Pursuing an international career across the five continents, starting from Germany, France and the UK, Mouskouri relentlessly practised foreign-language skills so as to be able to interpret songs in the language of the country she was visiting, be it China or Finland. German newspapers would refer to her as "the voice of nostalgia", while on many occasions people would mistake her for another famous Greek, Melina Mercouri.

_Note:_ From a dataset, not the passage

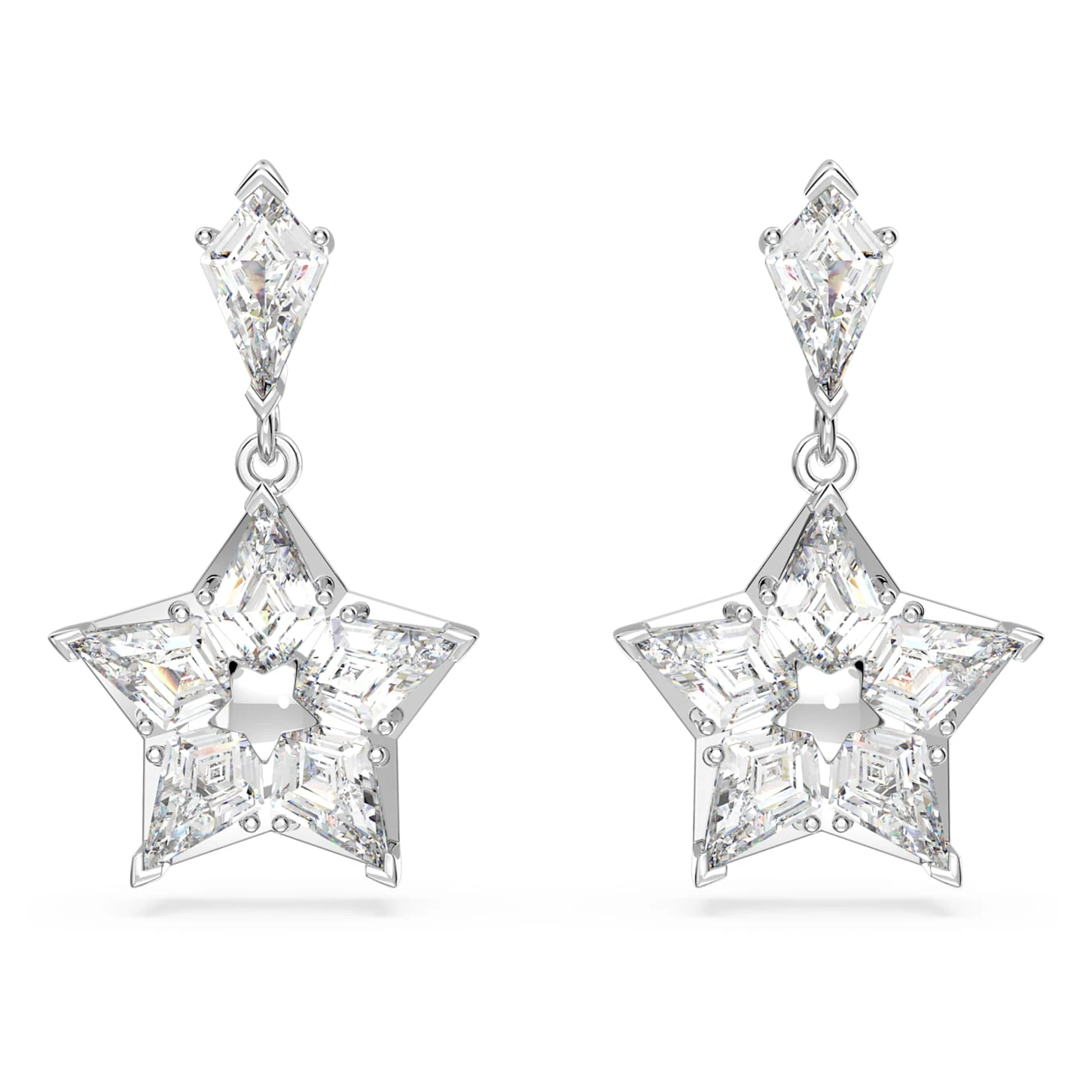 Swarovski Stella Drop Earrings Kite Cut, Star, White, Rhodium Plated 2 Swarovski Stella Drop Earrings Kite Cut, Star, White, Rhodium Plated - Image 2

In the years to come she became friends with Charles Aznavour, Serge Gainsborough wrote a song for her, she sang a duet with Art Garfunkel in Copenhagen's Tivoli Park and lent her voice to Michel Legrand's soundtrack for Jacques Demy's film Les Parapluies de Cherbourg (1964), starring Catherine Deneuve. Quincy Jones invited her to sing with him in New York. "He was my teacher on stage. He taught me how to present a recital on my own with no other artist on stage except for my musicians." Sinatra, Paul Simon, Sting and Elton John were among the brand names that attended her first concert at London's Royal Albert Hall, while at New York's Olympia Theatre, another prestigious venue that would welcome her in the near future, she was overwhelmed by Edith Piaff's performance. Back in Greece to celebrate her 50th birthday in 1984 with a concert at the lrodion, she felt at home again. "On such a night I could bid farewell to life," she points out.

In a life that reads like a fairy tale laid with platinum and gold records and many awards - including IFPI's Multimillion Platinum Award in 1995 - there were bitter moments like when Theodorakis came up with his own version of Yannis Ritsos' Epitaphios featuring Grigoris Bithikotsis - at the same time when Hadjidakis and Mouskouri were working on their own rendition.

But there are funny stories, too. Over a bottle of whisky, Mouskouri, together with Gainsborough and Rod Stewart, would admit her stage fright that led Gainsborough singing with his back to the audience and her with her arms behind her back. "We were three cowards with a different repertoire," she points out. Bob Dylan, who along with Cohen made it to one of her concerts, ended up staying till the interval though he had pressing commitments elsewhere. And on a night of poker she brought luck to heartthrob Alain Delon, who agreed to part with her only after she had given him the pendant that brought her luck in the Barcelona contest.

While commenting on the punk scene of the 80s, Mouskouri passes criticism on Greek music today. "But I preferred [the punks] much more to all these test-tube singers who have no sensitivity whatsoever... They just benefit from the system of TV reality shows and radio playlists and do whatever is expected of them in exchange for a success that lasts no more than a season."